BÜLENT ERANDAÇ

BÜLENT ERANDAÇ

Tarihi 7 Ocak 2011

Hikmet Çetin'den 'vizyon misyon dengesi'

12 Eylül referandumunda kabul edilen Anayasa paketi, Ombudsman(kamu denetçisi) sistemini hukukumuza kazandırdı.
Ombudsman şikayetleri ve bir takım teşebbüsleri ele alıp değerlendiren ve bunlara her iki taraf içinde tatmin edici çözümler bulan kişidir.
Ombudsman için kamu denetçisi, arabulucu, kamu hakemi, medeni hakların savunucusu, parlamento komiseri gibi tanımlamalar teklif edilir.
Türkiye tarihinin en önemli eşiklerinden birini yaşıyor.
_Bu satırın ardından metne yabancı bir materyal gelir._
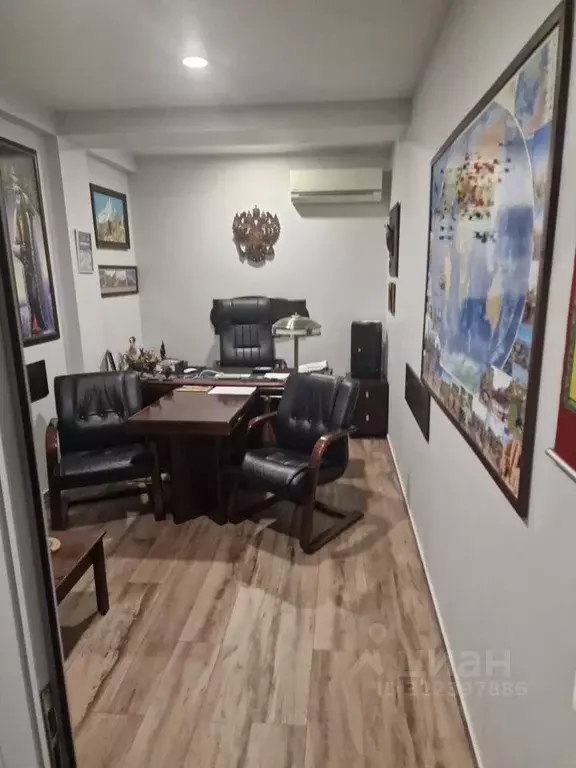 Офис в Краснодарский край, Сочи Туапсинская ул., 9/1 (41 м) - Фото 2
Büyük değişim ve dönüşüm hamlelerine tanık oluyoruz. Böyle dönemlerde, bazı isimlerin "fiili Ombudsman" konumunda olması önem kazanmaktadır.
Hikmet Çetin, devlet ve siyaset adamlığıyla, diplomatik misyonuyla "fiili bir ombudsman" konumunda bulunan bir isimdir.
3. Büyükelçiler Konferansı'nın açılışına katılan Hikmet Çetin'e dış politikada yaşananları sordum.
Büyükelçilerin Ankara toplantısını, çok olumlu bulduğunu belirtti, vizyon ve misyon dengesinin önemine işaret etti. Türkiye'nin dış politikada bir vizyon koymasını anlamlı bulan Hikmet Çetin, "Teoriyle pratik arasındaki denge sağlanırsa, mutlaka başarılı olunacaktır" diye konuştu.
Büyükelçiler toplantısında ana tema "vizyoner diplomasi" olarak işleniyor. Son dönemde dış politikanın geçirdiği dönüşüm ve önümüzdeki döneme ilişkin hedefler masaya yatırılıyor.
Bu toplantının izlerini sürersek, Türkiye'nin bir 'akil ülke'ye dönüşmesi, dış politikaya getirdiği 'proaktif' yaklaşım çerçevesinde diplomatlarımızın yenidünya felsefesine uygun davranmaları mümkün olacaktır.
Hikmet Çetin'in deyimiyle, vizyon ve misyon arasındaki dengeyi kuracak Türkiye'nin başarılı olmaması mümkün değildir.

Görev istenmez, verilir

Siyasette önemli işler yapmış isimlere yönelik bir kural vardır. Bu kuralda görev istenmez, görev verilir ve hiçbir zaman verilen görevi küçümsemeden elden gelenin en iyisi en güzeli yapılmaya çalışılır.
Hikmet Çetin'e, 12 Haziran'da milletvekili adayı olup olmayacağını sordum.
Siyasi kuralı hatırlattı, "Görev verilirse, teklif yapılırsa millete hizmetten kaçmam" dedi.
Türkiye'nin büyük değişim ve dönüşüm yaşadığı bir dönemde yapılacak 12 Haziran seçimlerinde, "akil adam" konumunda olan ne kadar fazla isim Meclis'e girerse Türkiye için iyi olacaktır düşüncesi genel kabul görüyor.

* * *
2011 İÇİN İKİ SENARYO
12 Haziran 2011 genel seçimlerine adım adım yaklaşırken, anketler dikkatle değerlendiriliyor. 2011 seçiminin eşiği de ortaya çıkıyor:
Yüzde 37 oy. Konda Araştırma'dan Bekir Ağırdır'ın "yüzde 37 oy" açıklaması dikkati çekiyor.
AK Parti'ye dair senaryo:
AK Parti kitle partisi, ülkenin her yerinde önemli bir oy oranına sahip, AK Parti'nin kazanacağı milletvekili sayısını belirleyecek etmen kendi oy oranı değil karşısındakilerin oy oranı olacak.
AK Parti yüzde 38,5 ile 40 aralığında oy aldığında 276-290 milletvekilliği, yüzde 41 ile 45 oy aralığında 290-330 milletvekilliği, yüzde 46-51 oy aralığında 330-366 milletvekilliği, yüzde 52'yi geçerse de 367 ve üstü milletvekilliği kazanacak.
Görüldüğü gibi iktidardan düşmesi için, AK Parti'nin oyunun yüzde 38'in altına düşmesi gerekiyor veya diğer partilerin oy oranlarının çok ama çok daha fazla artması gerekiyor.
CHP'ye dair senaryo:
CHP'nin olası oy oranlarıyla kazanacağı milletvekilliği sayıları şöyle: CHP: yüzde 25-28 oranında oy alırsa 140-160 milletvekilliği, yüzde 29-32 oranında oy alırsa 160-180 milletvekilliği, yüzde 32-36 oy alırsa 181-195 milletvekilliği kazanacak. 200 milletvekilliğini aşması için CHP'nin yüzde 37 oy oranını aşması gerekiyor.